Wir verabschieden uns höflich und lenken das Zwillingsgefährt in die heiligen Hallen des Drogerie-Tempels. Kurz hinter dem Eingang gleich rechts an der Wand lenken die Aufsteller mit den Lippenstift-Farben der Saison meine Aufmerksamkeit kurz von den Zwergen ab. Sonnenschein sucht derweil eine neue Mascara aus und kaut auf dem Tester rum. Ich versuche dem Mini zu erklären, dass er noch nicht ganz der Zielgruppe für dieses Produkt entspricht und sortiere die angesabberte Mascara mit schlechtem Gewissen wieder ein.
Wir erreichen fast ohne Vorkommnisse die Regalreihen mit dem Baby-Sortiment. Ein Mega-Pack Windeln wird unter dem Wagen verstaut und ich bedauere mal wieder, dass mein schicker schmaler Wagen nur ein sehr begrenztes Fassungsvermögen im Korb unter den Passagieren bietet. Viel ist nun nicht mehr zu machen. Ein paar Feuchttücher brauchen wir aber schon noch und mein Einkaufskorb füllt sich mit Früchteriegeln, Hirsebällchen, neuen Trinktüllen als Ersatz für die ständig durchgekauten der Trinklernbecher und dem üblichen Kram.
Kurz bevor ich zu dem Putzmitteln abbiegen will, melden meine Passagiere den Wunsch, doch bitte aussteigen zu dürfen. Man möchte sich an der aufgebauten Spielwand vergnügen. Ich gebe als gute Mutter dem Wunsch nach und bin ab sofort leicht im Stress. Sonnenschein untersucht die Spielattraktionen, aber Prinzessin geht im Laden einkaufen. Ihre Produktauswahl weicht dabei erheblich von den Vorgaben meines Einkaufszettels ab.
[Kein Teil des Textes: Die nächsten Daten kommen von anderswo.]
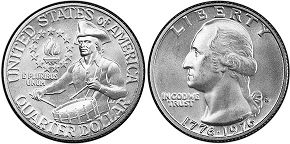 Moneda Estadounidenses 25 centavos 1976 Bicentenario plata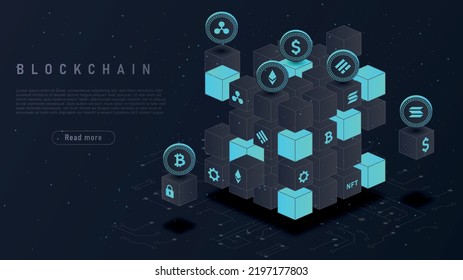 Blockchain technology concept. Cryptocurrency, modern technologies and digital world, innovations. Programming and coding. Security of online transactions, NFT. Cartoon isometric vector illustration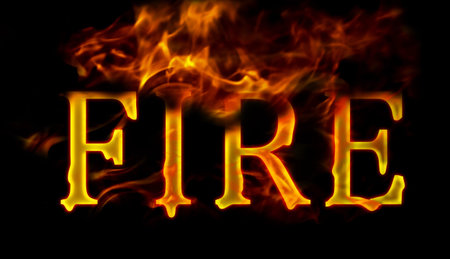 The word FIRE surrounded by flamesの写真素材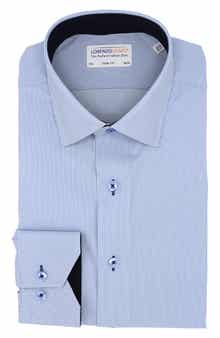 Lorenzo Uomo Thin Stripe Print Trim Fit Dress Shirt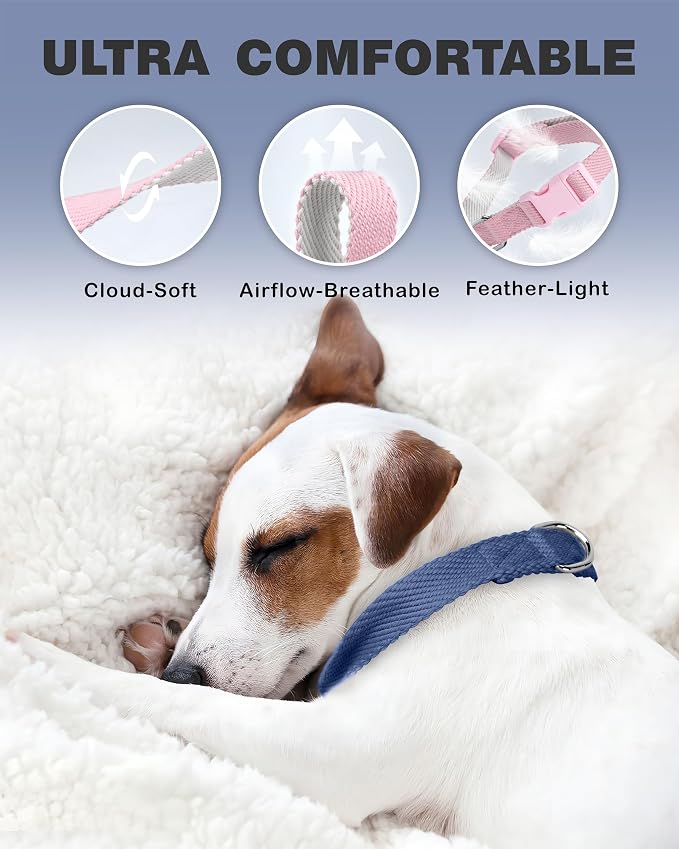 Dynmeow Soft and Breathable Cotton Dog Collar, Durable Adjustable Pet Collar - Image 4
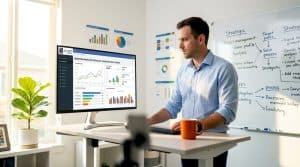 Marketing manager reviewing home services leads dashboard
Hektisch über die Regale blinzelnd werfe ich Spülmittel (nur um zu Hause festzustellen, dass noch 3 Packungen im Vorrat sind), Waschpulver, Taschentücher und Gallseife in den Korb, fange kurz Prinzessin wieder ein, rette einen süßen kleinen Jungen davor, vom Sonnenschein zu gern gehabt zu werden (er ist stürmisch in seiner Zuneigung) und parke den Zwillingswagen immer zielsicher dort, wo er am meisten stört.
Während ich Sonnenschein versuche davon zu überzeugen, dass er wieder in den Wagen muss, nehme ich einen verräterischen Geruch wahr. Prinzessin pupst definitiv nicht nur frische Bergluft und braucht offensichtlich einen Boxenstop. Wir müssen den freundlicherweise vorhandenen Wickeltisch benutzen und dürfen dafür Schlange stehen.
Mir drängt sich der Verdacht auf, dass locker ein Duzend Familien dieser Stadt auf einen eigenen Wickeltisch zu Hause verzichten und ihre Kinder grundsätzlich im Drogeriemarkt wickeln. Anders ist der Andrang hier nicht zu erklären. Sonnenschein lässt mich wissen, dass er den Kinderwagen doof findet und er bitte wieder raus möchte. Geht nicht!
Wenn ich einen Zwilling wickeln muss, dann ist der andere besser im Wagen als bei einer Schnitzeljagd zwischen den Regalen aufgehoben. Mir ist das Protestgeschrei und die daraus resultierenden vorwurfsvollen Blicke sämtlicher Kunden wesentlich lieber als die Spur Verwüstung, die mein Sohn mir als Fährte zwischen den Regalen legen würde, wenn ich ihn denn abschnallen würde.
Wir verlassen auf schnellstmöglichem Wege den Drogeriemarkt mit kleinem Zwischenstopp an der Kasse, um das Portemonnaie um einen nicht unerheblichen Betrag zu erleichtern. Vor dem Geschäft stelle ich fest, dass Prinzessin ihre Mütze verloren hat, Sonnenschein doch noch einen Tester Concealer versteckt hatte und mir die Hälfte vom Einkaufszettel noch in den überfüllten Tüten fehlt, die ich kaum an und unter dem Wagen verstaut bekomme.
Bloß weg hier! Bis zum nächsten Einkauf.